How beautiful is obedience to the commands of God! Let us purpose to honor our parents and to obey them in the Lord.
"The way of the Lord is strength to the upright: but destruction shall be to the workers of iniquity" Proverbs 10:29


Jonathan said...


That simply was a good post, and I found it encouraging to read. Yes, we all need to keep going back to the basics in of our Christian walk.

The part about parents expecting rebellion in their teenagers is, sadly, so true. They think this is just part of the natural growing up process. Sure, when children get older (in their teens) they begin thinking more for themselves and start questioning their parents decisions, and this is fine, if done in a respectful way, but rebellion is not. It is sin.
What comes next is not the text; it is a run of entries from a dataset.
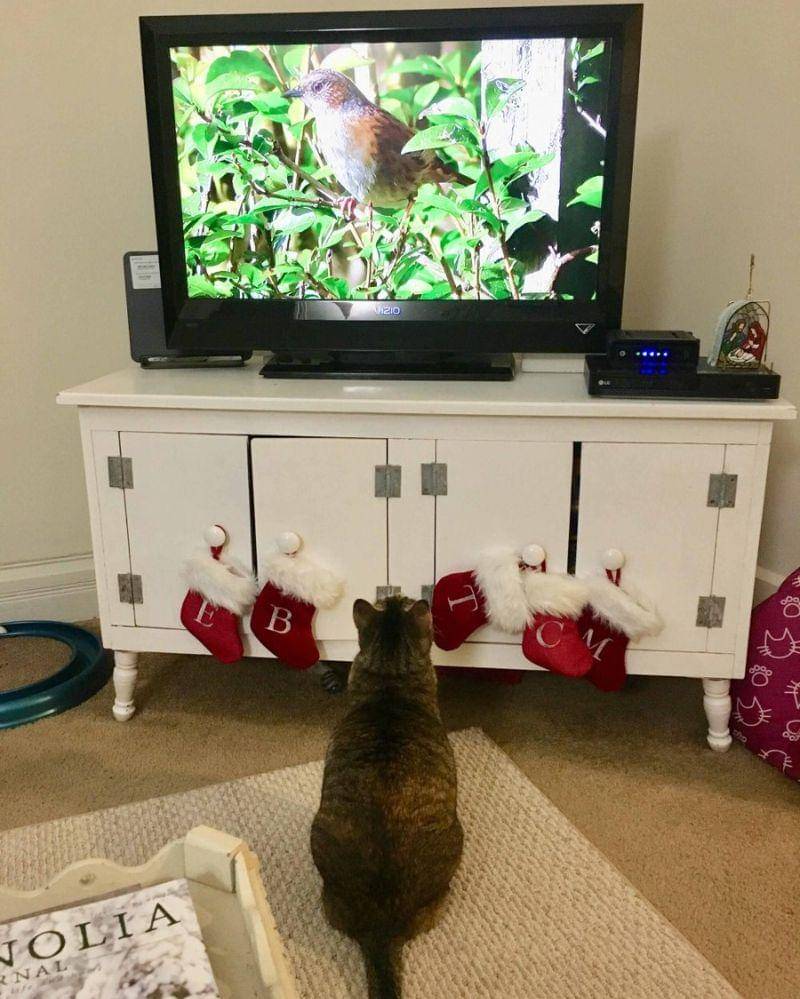 reddit.com/user/mrsconder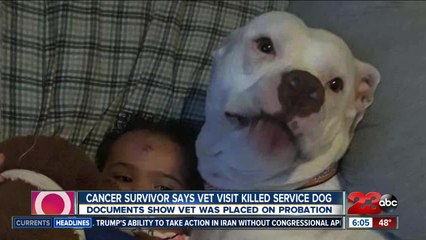 23ABC News at 6 p.m. | Top Stories for January 8, 2020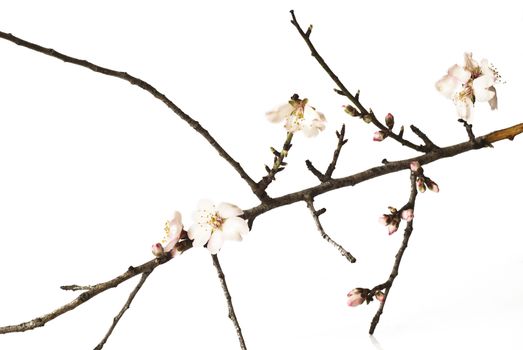 The almond tree pink flowers with branches isolated on white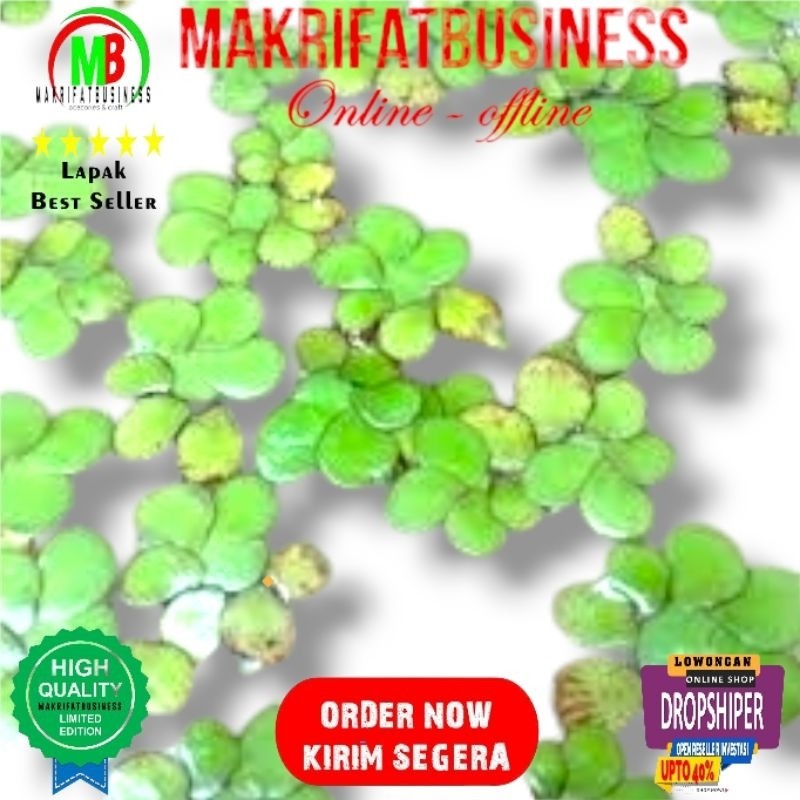 MAKRIFATBUSINESS Paket 10 Pcs Mata Lele Besar SPIRODELA POLYRHIZA  Tanaman Air Aquascape Aquarium Ko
I also want to reiterate the point about honoring our parents and their counsel, even when it seems so wrong. Young people, God has set up authorities and checks and balances in our lives to help us make the right decisions during this very important stage of life. Parents care for us in a way no one else on the planet does. It is through them, I believe, if we are truly honoring and submitting to them, that God will lead us. Even if our parents have made an unwise decision, God WILL honor our submission to them and bless us for it. And remember, God is working all things together for our good and His glory; and no blessed thing He has meant for our lives will some how be missed out on if we honor our parents.

Leah said...

Well said. It is through a child's obedience and honor of their parents that they give to the Lord the honor and worship He deserves, for He is the one offended by a child not honoring what He has placed over them.